Negli ambienti professionistici e sportivi di élite questa fase invece viene vista con tutt’altro occhio. Il Warm-up ha lo scopo di servire 4 fondamentali principi: attivazione mentale, attivazione fisica, prevenzione dagli infortuni e miglioramento della performance.
Oggi voglio esporti un modello di Warm-up (sviluppato dal Dr. Ian Jeffreys e Mark Verstegen) comunemente adottato in tutti gli sport e atleti di alto livello, che ha come obiettivo la preparazione in tutti i suoi aspetti dell’atleta, sia dal punto di vista fisico che mentale (quindi neuro-muscolare):
FASE 1 – di CRESCITA: l’obiettivo è aumentare la temperatura corporea, la frequenza cardiaca, la frequenza respiratoria, il flusso sanguigno e la viscosità delle articolazioni.
FASE 2 – di ATTIVAZIONE E MOBILIZZAZIONE: lo scopo di questa fase è doppiamente importante, perché andiamo sia ad attivare i gruppi muscolari chiave ma anche a mobilizzare le articolazioni interessate sfruttando i movimenti sport-specifici e aumentando il ROM (o ampiezza del movimento) richiesto nella sessione.
FASE 3 – di POTENZIAMENTO: l’obiettivo è avvicinarsi ai carichi ed alle intensità di lavoro ricercate, entrando così piano piano nel vivo dell’allenamento o della competizione.
Preso atto di cosa e del ‘perché’ questo sia così importante per noi, adesso vediamo il ‘come’ possiamo impostare questi nostri 15 minuti di riscaldamento, o come piace chiamarlo a me, di preattivazione atletica.
La prima parola d’ordine è specificità.
Se per esempio dobbiamo iniziare ad allenarci a tennis, nel warm-up dovrete inserire necessariamente esercizi propedeutici e di riscaldamento delle strutture coinvolte nel gioco, esempio: mobilità dell’anca, delle spalle (tutte e due, non solo una), delle ginocchia, dei gomiti e delle caviglie.
In altre parole, ecco quello che possiamo andare a fare in questi 15 minuti:
- Andremo a fare per 8 minuti esercizi a basso impatto che ci permetteranno di incrementare gradualmente la nostra frequenza cardiaca e quella respiratoria aumentandone quindi la temperatura delle strutture muscolari e, per esempio, una banale corsetta può fare al caso nostro.
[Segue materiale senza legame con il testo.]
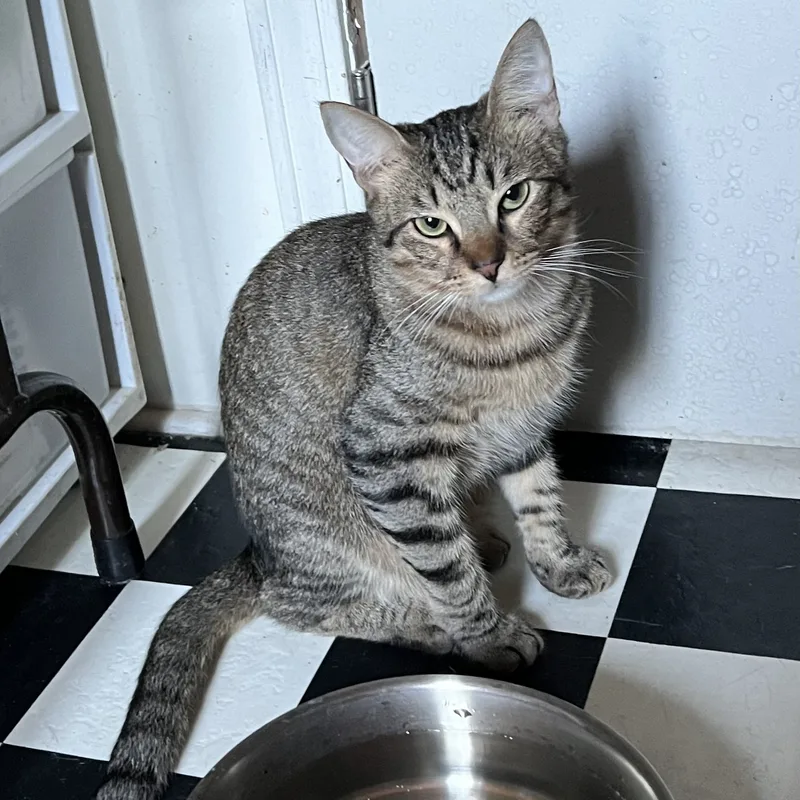 Purrkins thumbnail 3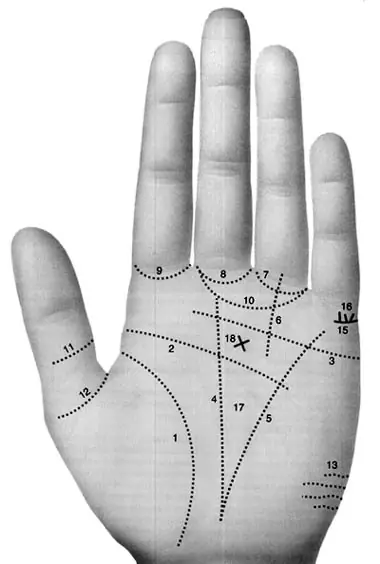 Secretos que nos revela la lectura de mano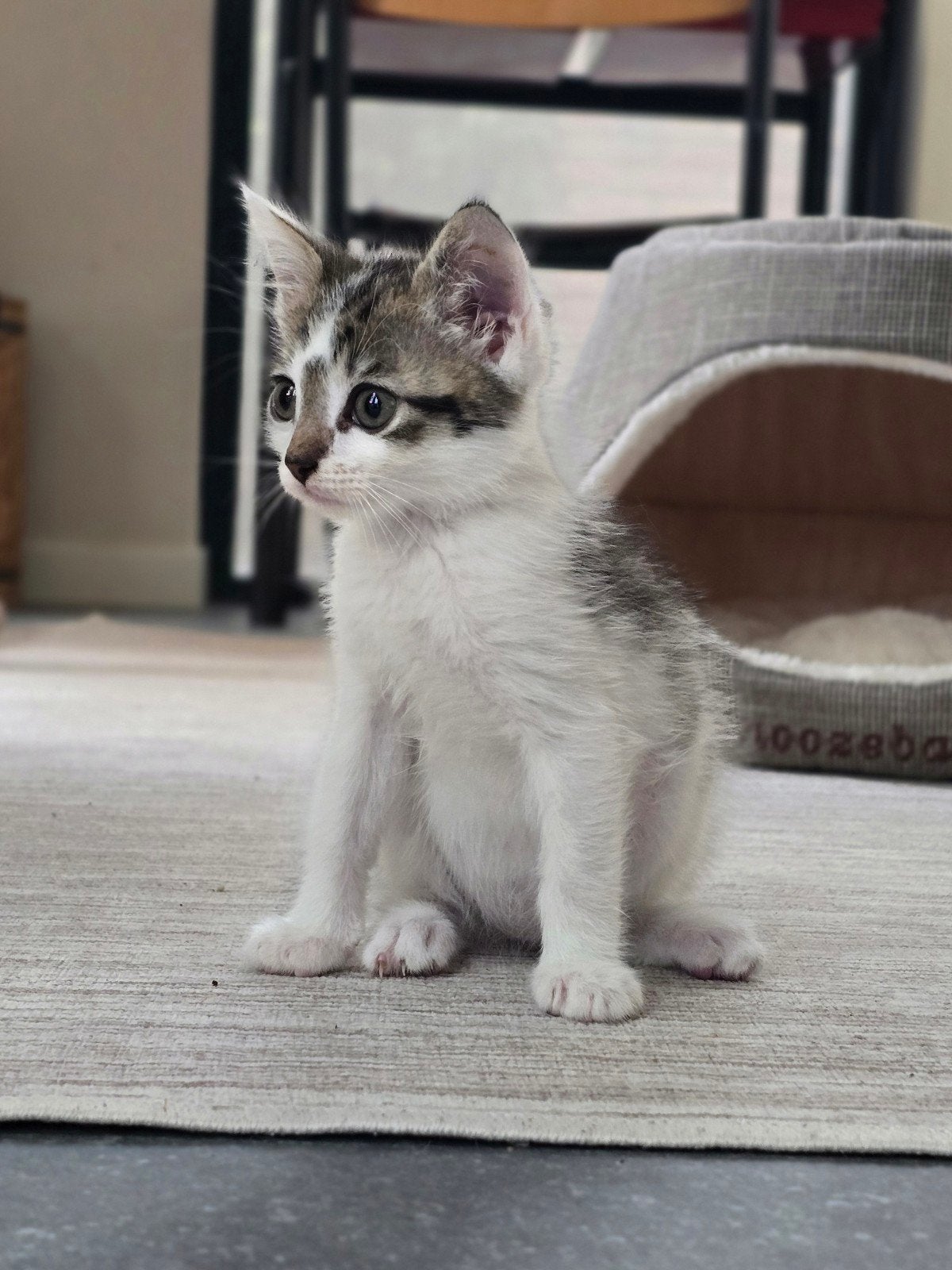 Katertje deels Noorse Boskat van 15 weken, Kater, 0 tot 2 jaar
- Altri 4 minuti li andremo a sfruttare per fare esercizi di mobilità attiva, non statica. Un esempio di mobilità sono le torsioni del tronco, le circonduzioni della caviglia, gli slanci con la gamba per liberare l’anca da eventuali tensioni e dei movimenti delle spalle eseguendo, per esempio, delle circonduzioni con le braccia.
- In questi restanti 3 minuti io andrei a fare un po di squat e degli affondi. Quanto basta per attivare la muscolatura degli arti inferiori i quali sono ampiamente esposti in tutti i movimenti richiesti durante l’allenamento o il gioco. Gli scambi che si fanno a inizio allenamento o match, fanno proprio parte di questa fase, ma non possono però prescindere da tutto il resto.
Quindi giochiamo e alleniamoci, ma sempre in sicurezza.